- Opening Delimiter -
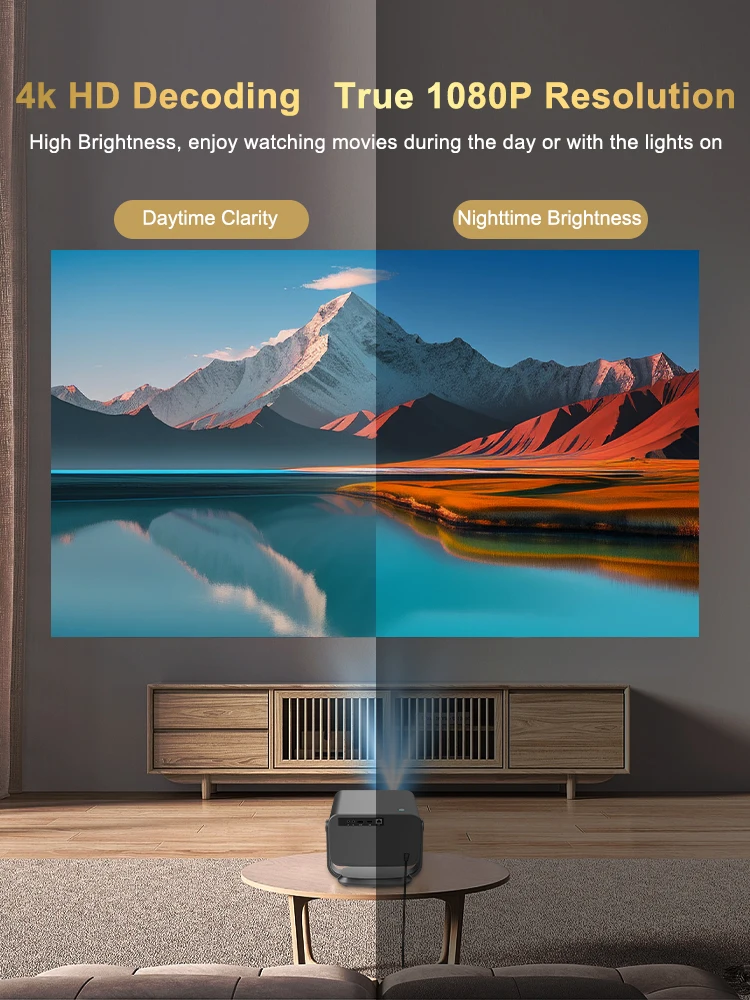 오리지널 스마트 비디오 프로젝터 500 안시 자동 초점 2GB+8GB 안드로이드 TV 12 프로젝터 WiFi6 MAX 4K 미니 휴대용 프로젝터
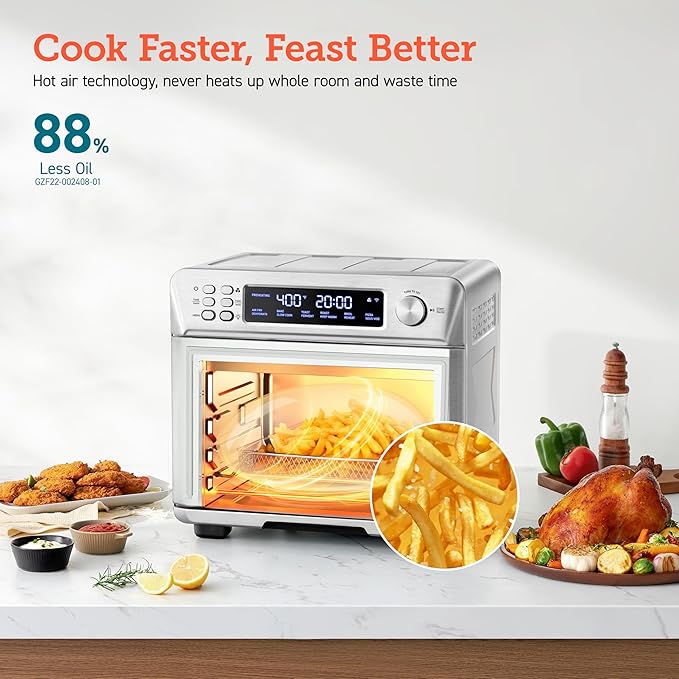 COSORI Smart 12-in-1 Air Fryer Toaster Oven Combo, Airfryer Convection Oven Countertop, Bake, Roast, Reheat, Broiler, Dehydrate, 75 Recipes & 3 Accessories, 26QT, Silver-Stainless Steel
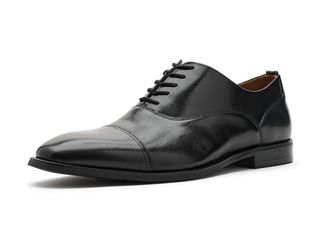 Brooks Brothers Cassel Mens Dress Flat Shoes Black Leather Smooth : 10.5 M, Lace/Leather/Textile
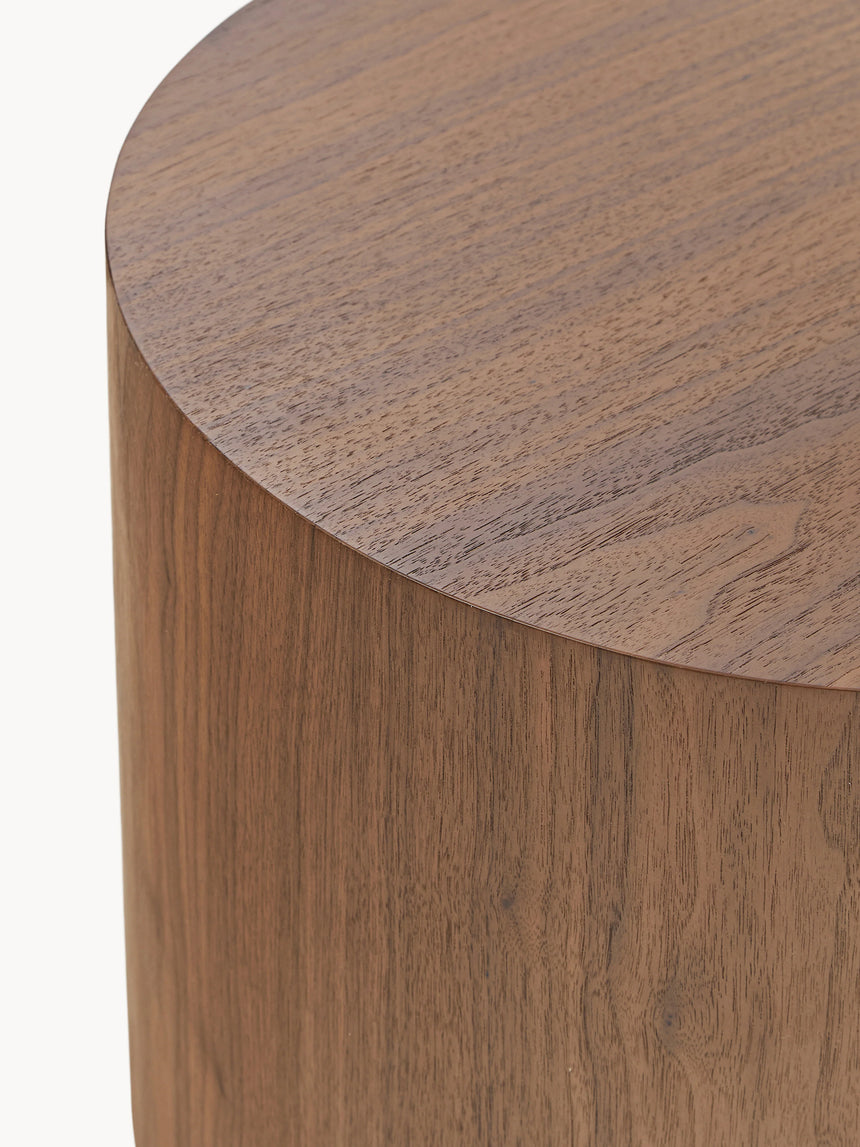 Saba Ahşap Yuvarlak Orta Sehpa Seti İkili Ceviz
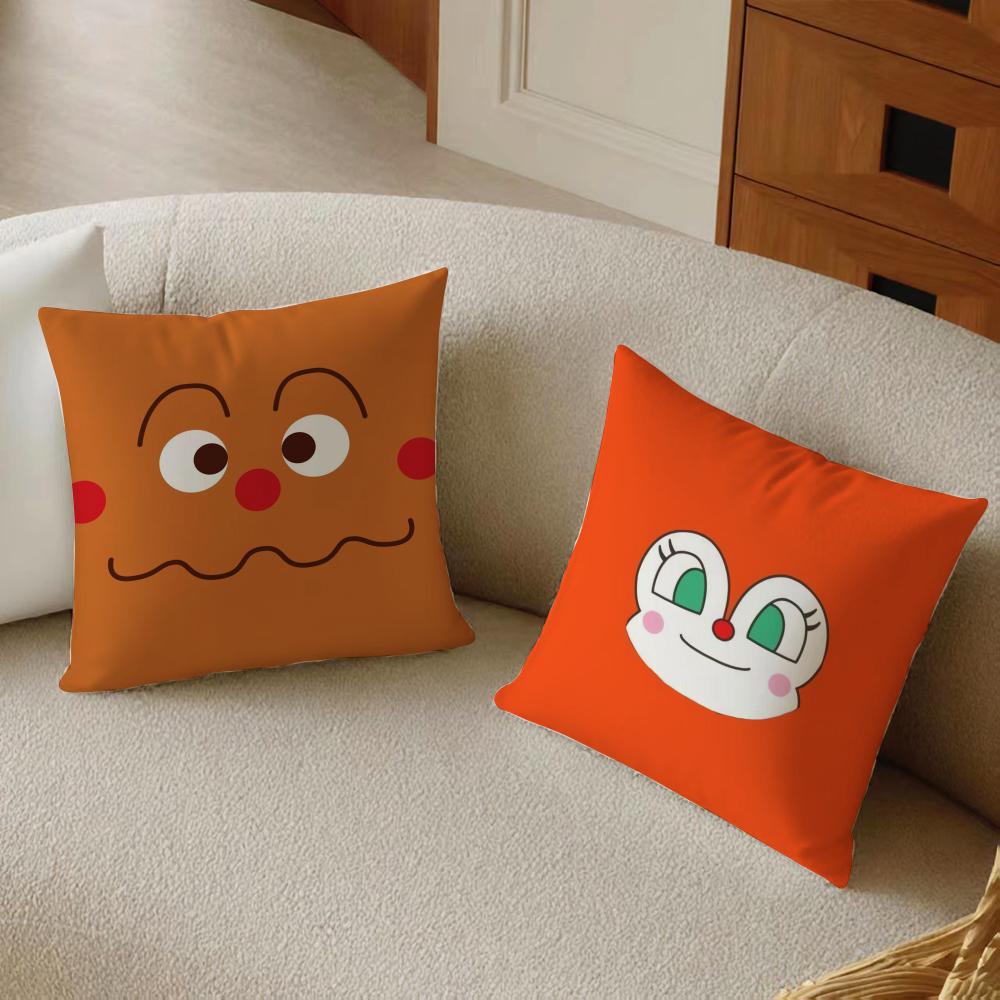 Classic Anime Anpanman-Cartoon Cushion Cover Pillowcase Anti-Dustmite Living Room Sofa Decor Cushion Room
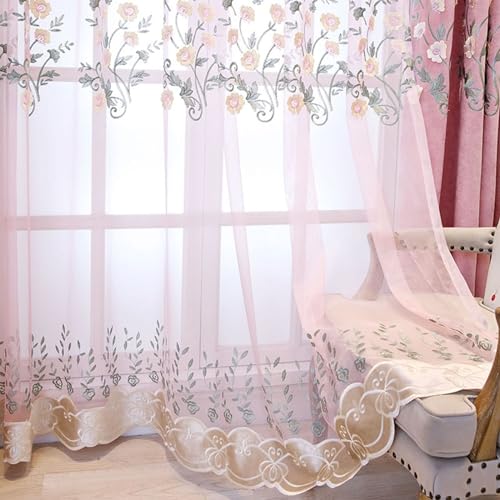 Daesar Vorhänge Rosa 2er Set, Vorhänge Lichtdurchlässig Haken Jacquard mit Blumen Motiv 107x229CM Gardinen Halbtransparent Schlafzimmer Esszimmer Wohnzimmer von Daesar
- Closing Delimiter -
The entries above should be reproduced exactly, without their pictures.

**Exercise answer:**
 오리지널 스마트 비디오 프로젝터 500 안시 자동 초점 2GB+8GB 안드로이드 TV 12 프로젝터 WiFi6 MAX 4K 미니 휴대용 프로젝터
 COSORI Smart 12-in-1 Air Fryer Toaster Oven Combo, Airfryer Convection Oven Countertop, Bake, Roast, Reheat, Broiler, Dehydrate, 75 Recipes & 3 Accessories, 26QT, Silver-Stainless Steel
 Brooks Brothers Cassel Mens Dress Flat Shoes Black Leather Smooth : 10.5 M, Lace/Leather/Textile
 Saba Ahşap Yuvarlak Orta Sehpa Seti İkili Ceviz
 Classic Anime Anpanman-Cartoon Cushion Cover Pillowcase Anti-Dustmite Living Room Sofa Decor Cushion Room
 Daesar Vorhänge Rosa 2er Set, Vorhänge Lichtdurchlässig Haken Jacquard mit Blumen Motiv 107x229CM Gardinen Halbtransparent Schlafzimmer Esszimmer Wohnzimmer von Daesar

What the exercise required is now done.